In the present paper $$L_1$$-optimal estimates $$\widetilde{\theta}_n$$ of $$\theta$$ are constructed for the models of two following types, in the presence or without interactions:
I. The additive supermodel, $\theta(x)= \sum_{j=1}^K \theta_{1j}(b_j^Tx)+ \sum_{j=1}^L \psi_j(x_{m_1},\dots, x_{m_{r_j}});$ II. The multiplicative supermodel, $\theta(x)= \prod_{j=1}^K \theta_{1j} (b_j^Tx)\cdot \prod_{j=1}^L \psi_j(x_{m_1},\dots, x_{m_{r_j}}).$ Here $$b_j$$ are the unit vectors in $$\mathbb{R}^d$$. The parameter $$r=\max_{1\leq j\leq L}r_j$$ is called the dimension of the model.

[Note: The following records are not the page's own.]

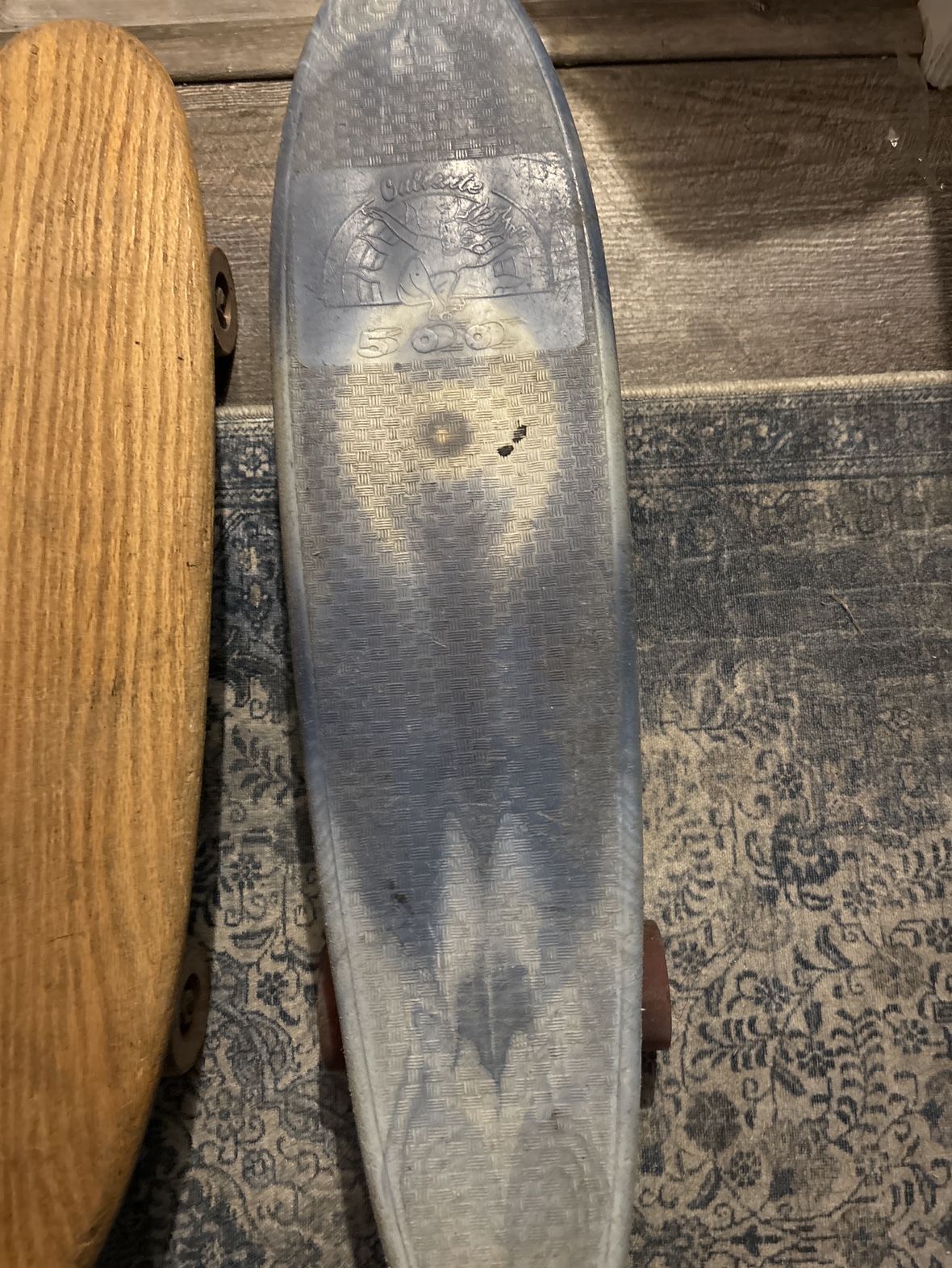 Vintage 1970s "Go-Kart" Skateboard - photo 4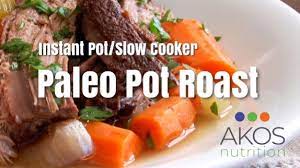instant pot slow cooker pot roast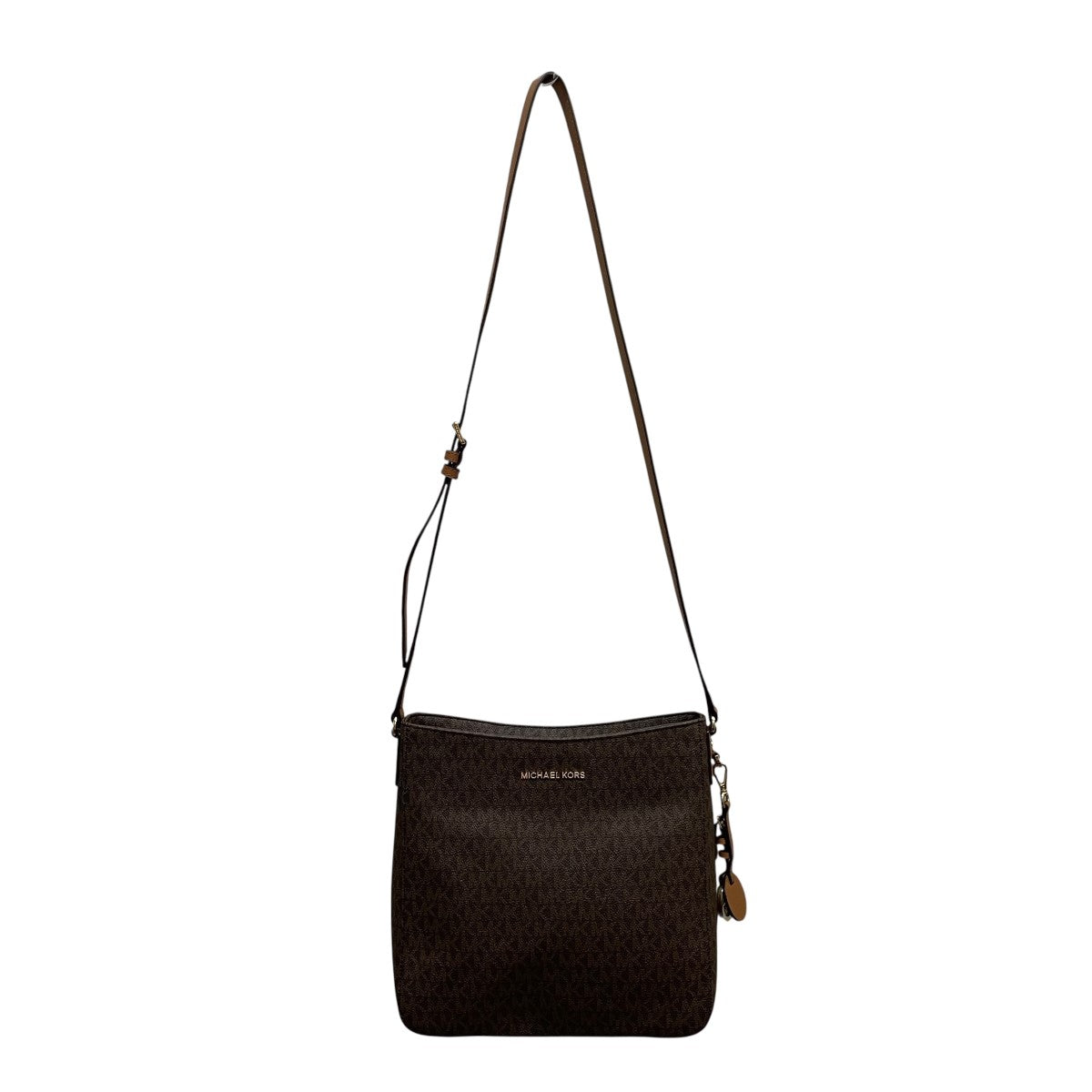 MICHAEL KORS JET SET TRAVEL LG MESSENGERショルダーバッグ30H6GTVM3V 古着・中古-1枚目のアイテム画像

For the supermodels without interactions the dimension is $$r=1$$.
Y. G. Yatracos [Ann. Stat. 13, 768-774 (1985; Zbl 0576.62057)] constructed $$L_1$$-estimates of a probability measure under the assumption of i.i.d. observations and related the $$L_1$$-rate of convergence of the estimates to Kolmogorov’s entropy of the parameter space. G. G. Roussas and Y. G. Yatracos [D. Pollard et al. (eds.), Festschrift for Lucien Le Cam: Research Papers in Probability and Statistics, 337-344 (1997; Zbl 0892.62023)] provided $$L_1$$-estimates of a probability measure on the basis of observations from a $$\varphi$$-mixing sequence of r.v. All these methods as well as the method of the present paper are close relatives to U. Grenander’s method of sieves [“Abstract inference.” (1981; Zbl 0505.62069)].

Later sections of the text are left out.